Il nuovo tentativo effettuato il giorno dopo in banca, ci riservò un’altra sgradita sorpresa, (preannunciatrice, come si vedrà, di future grane): erano arrivati finalmente i soldi, ma ci furono consegnati soltanto per il 30% in franchi francesi, mentre noi ne avevamo fatto richiesta per l’intera somma; il resto ci fu dato in dinari tunisini. Ci rivolgemmo allora all’ambasciata, dove ci consegnarono un biglietto di presentazione per un funzionario della banca in questione, che era italiano. Grazie a lui la faccenda si appianò: venne annullato il pagamento precedente e stabilito che il giorno dopo ci avrebbero versato tutta la somma in franchi.

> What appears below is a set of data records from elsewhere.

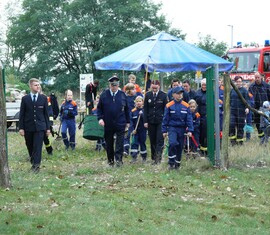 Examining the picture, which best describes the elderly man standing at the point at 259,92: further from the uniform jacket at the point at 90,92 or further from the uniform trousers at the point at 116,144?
the uniform jacket at the point at 90,92

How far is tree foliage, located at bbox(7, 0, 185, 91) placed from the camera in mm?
51188

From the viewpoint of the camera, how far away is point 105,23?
51.7m

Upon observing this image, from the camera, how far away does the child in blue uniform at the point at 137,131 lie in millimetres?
14047

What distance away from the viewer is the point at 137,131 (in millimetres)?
14344

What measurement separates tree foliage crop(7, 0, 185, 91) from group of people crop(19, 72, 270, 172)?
110 feet

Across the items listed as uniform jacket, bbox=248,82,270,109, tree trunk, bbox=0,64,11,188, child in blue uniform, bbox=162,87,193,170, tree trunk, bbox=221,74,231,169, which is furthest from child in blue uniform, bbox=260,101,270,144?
tree trunk, bbox=0,64,11,188

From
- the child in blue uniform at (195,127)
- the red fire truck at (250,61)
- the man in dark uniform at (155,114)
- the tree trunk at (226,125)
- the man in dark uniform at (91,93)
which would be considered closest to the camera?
the tree trunk at (226,125)

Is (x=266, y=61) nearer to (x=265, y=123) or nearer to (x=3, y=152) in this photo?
(x=265, y=123)

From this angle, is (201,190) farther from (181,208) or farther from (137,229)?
(137,229)

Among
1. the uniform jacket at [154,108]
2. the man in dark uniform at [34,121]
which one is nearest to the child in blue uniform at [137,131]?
the uniform jacket at [154,108]

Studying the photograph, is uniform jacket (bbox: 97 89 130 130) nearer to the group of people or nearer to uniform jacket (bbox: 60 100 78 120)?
the group of people

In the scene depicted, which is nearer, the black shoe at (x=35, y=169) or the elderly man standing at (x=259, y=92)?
the black shoe at (x=35, y=169)

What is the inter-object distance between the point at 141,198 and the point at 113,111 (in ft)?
13.2

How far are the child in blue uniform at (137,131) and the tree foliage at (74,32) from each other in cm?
3469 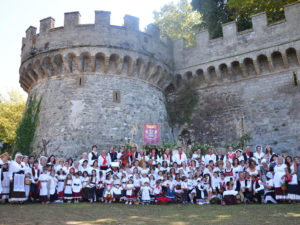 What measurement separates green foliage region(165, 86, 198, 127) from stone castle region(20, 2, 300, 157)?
62cm

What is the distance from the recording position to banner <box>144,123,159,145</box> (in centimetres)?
1489

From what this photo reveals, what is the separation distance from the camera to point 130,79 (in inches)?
611

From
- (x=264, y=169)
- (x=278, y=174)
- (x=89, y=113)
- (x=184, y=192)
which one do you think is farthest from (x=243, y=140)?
(x=89, y=113)

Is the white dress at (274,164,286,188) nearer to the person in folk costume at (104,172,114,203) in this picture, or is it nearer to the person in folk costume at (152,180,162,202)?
the person in folk costume at (152,180,162,202)

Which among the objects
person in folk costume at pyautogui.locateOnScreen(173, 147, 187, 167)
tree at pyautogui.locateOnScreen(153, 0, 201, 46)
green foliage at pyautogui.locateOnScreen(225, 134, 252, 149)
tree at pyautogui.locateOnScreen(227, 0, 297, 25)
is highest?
tree at pyautogui.locateOnScreen(153, 0, 201, 46)

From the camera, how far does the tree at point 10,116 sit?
1022 inches

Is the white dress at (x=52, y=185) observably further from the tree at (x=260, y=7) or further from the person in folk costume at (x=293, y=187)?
the tree at (x=260, y=7)

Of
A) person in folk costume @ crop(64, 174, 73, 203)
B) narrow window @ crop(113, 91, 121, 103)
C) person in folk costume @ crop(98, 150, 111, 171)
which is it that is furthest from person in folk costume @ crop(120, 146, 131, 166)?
narrow window @ crop(113, 91, 121, 103)

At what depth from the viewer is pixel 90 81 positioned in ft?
48.4

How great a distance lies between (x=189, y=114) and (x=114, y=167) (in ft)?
25.7

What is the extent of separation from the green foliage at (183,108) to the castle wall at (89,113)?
1833 mm

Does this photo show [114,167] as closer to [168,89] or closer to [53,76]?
[53,76]

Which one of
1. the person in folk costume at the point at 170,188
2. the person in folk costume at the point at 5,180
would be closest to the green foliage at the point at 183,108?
the person in folk costume at the point at 170,188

           Ancora in preda all’agitazione, torniamo nell’Avenue Bourghiba, dove è parcheggiata la Ford, ma non la troviamo. Sparita. Ci tranquillizziamo un po’ soltanto quando notiamo il cartello del divieto di sosta: sarà stata asportata dal carro attrezzi? Ci costringiamo a pensare così per consolarci. Raggiungiamo sotto un sole spietato il parco macchine sequestrate: il recupero ci costa ben sei dinari.

           Riavuta la vettura, decidiamo di aspettare che riaprano i negozi. Scendiamo quindi dall’auto e nello stesso istante in cui chiudiamo gli sportelli, ci accorgiamo di aver lasciato dentro la chiave. Maledizione, avrebbe detto mio padre! Stavolta però, forti dell’esperienza, ci procuriamo presto l’attrezzo giusto, il famoso banale risolutivo fil di ferro, che a quel punto Rolando decide di lasciare per il resto del viaggio attaccato al paraurti, pronto all’uso.